When Mansour passed away in 1937, his eldest son, James, took over the running of the company while his younger son, William, took control of production. With an award of excellence from the US military for the quality of their clothing, alongside becoming incorporated as a brand, sales increased year on year from 1940s.
1940 – 1970
While Farah slowly began making it’s way into the British marketplace from the 40s, it wasn’t until the 1970s that Farah was wholly adopted oversees. It was when James Farah passed away in 1964, leaving his younger brother William to take over, that sales of $26.7 million in 1962 grew to sales in excess of $73.9 by 1967 – the company saw substantial expansion internationally as a result.

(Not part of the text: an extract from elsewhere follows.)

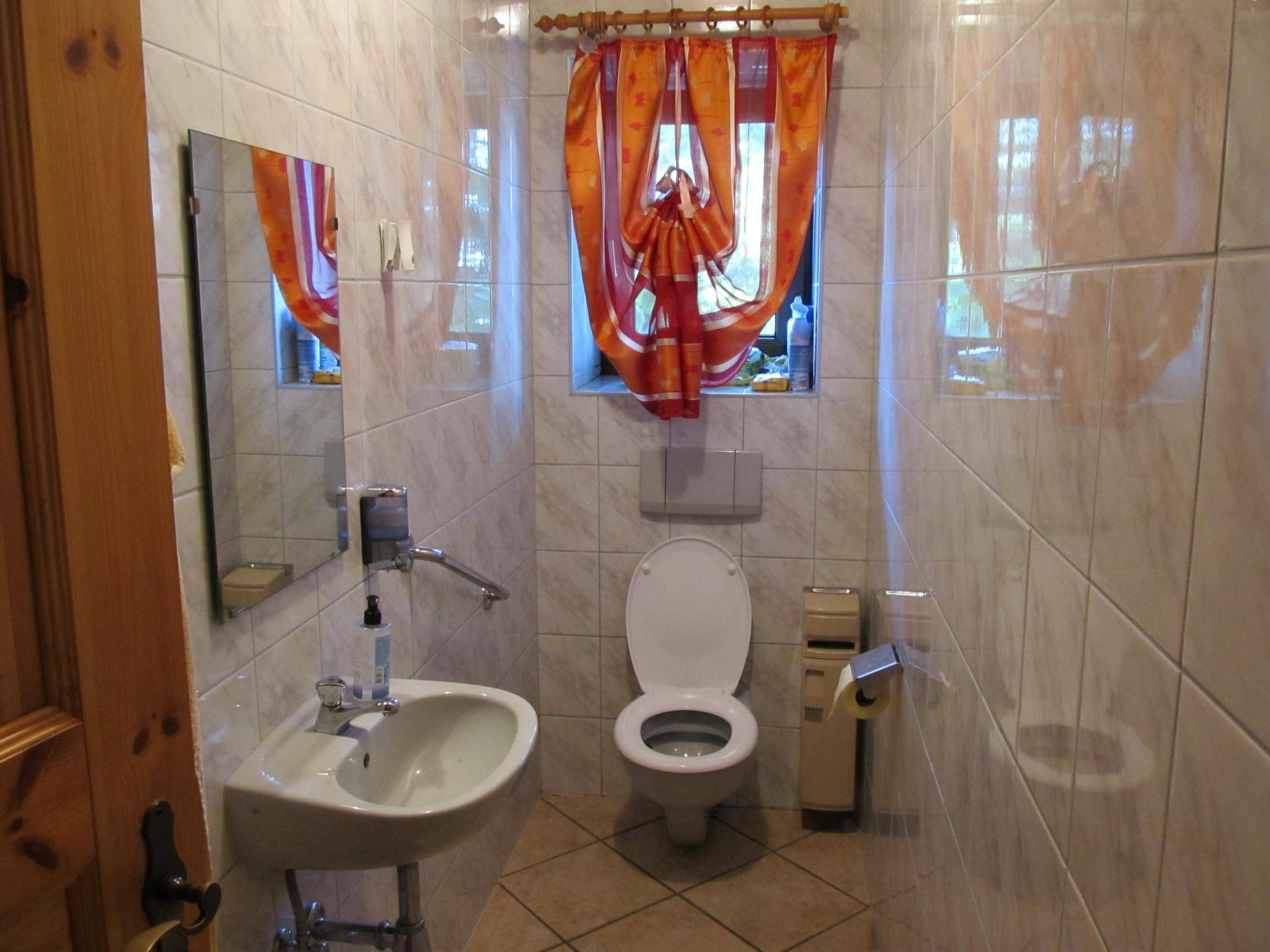 Separate Gästetoilette mit Waschbecken, WC und hellen Fliesen, mit Fenster.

The massive growth led to more recognition and stockists overseas. It was the trendsetting Islington rude boy twins, Chuka and Dubem, who really brought Farah to the attention of younger generations in Britain. As rockabilly style icons, they we’re often spotted out in Farah – particularly the hopsack trouser. This reaffirmed Farah’s status as a staple among the rockabilly, mod and skinhead scene of the time.
1970 – Present
With over 11 factories globally by 1971 – Farah was the world’s largest manufacturer mens slacks, with 30 million pairs being produced annually. Only one year later, due to labour disputes and striking, Farah was mass boycotted by numerous organisations – resulting in sales slumps of over $8million. Farah’s stock prices had fallen from $49.25 a share in 1971 to a mere $3.38 by 1973.
After a tumultuous and aggressive takeover by William Farah, who had previously been ousted, Farah began seeing profit again for the first time in years and by 1987, Farah was producing ladies clothing. By the mid 90s, however, despite to the sale of company assets and shares, Farah was slowly falling into the red again and loosing market control.

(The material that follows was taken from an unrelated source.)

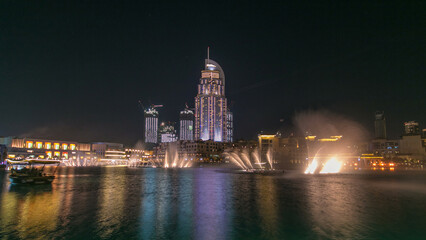 Fototapeta premium The Dancing Fountain of Dubai and lake day to night timelapse at dusk in Dubai, UAE.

Nearing the 2000s, Farah was focusing on premium casual and dress slacks and slowly regaining control of the market they once dominated – this carried through until the present day where Farah are now, once again, are a market leader in menswear.
Bringing Farah right into the now, look no further than the ‘Citizens of Farah Ambassadors’ – a who’s who of the music, fashion and entertainment industry’s major players. Cementing Farah as not only an icon for our dad’s and their dad’s, the next generation look to the brand as more current and accessible than ever. Rob Beckett is often seen with the golden F emblazoned on his chest, Doc Brown wrote a song about it, James Brown (aka Pulled Apart by Horses) can’t get enough of it and even MTV and Radio X regular Phil Clifton favours the label.
The History of Farah
- Mansour Farah and his wife began making shirts under the name ‘Farah’ in 1920.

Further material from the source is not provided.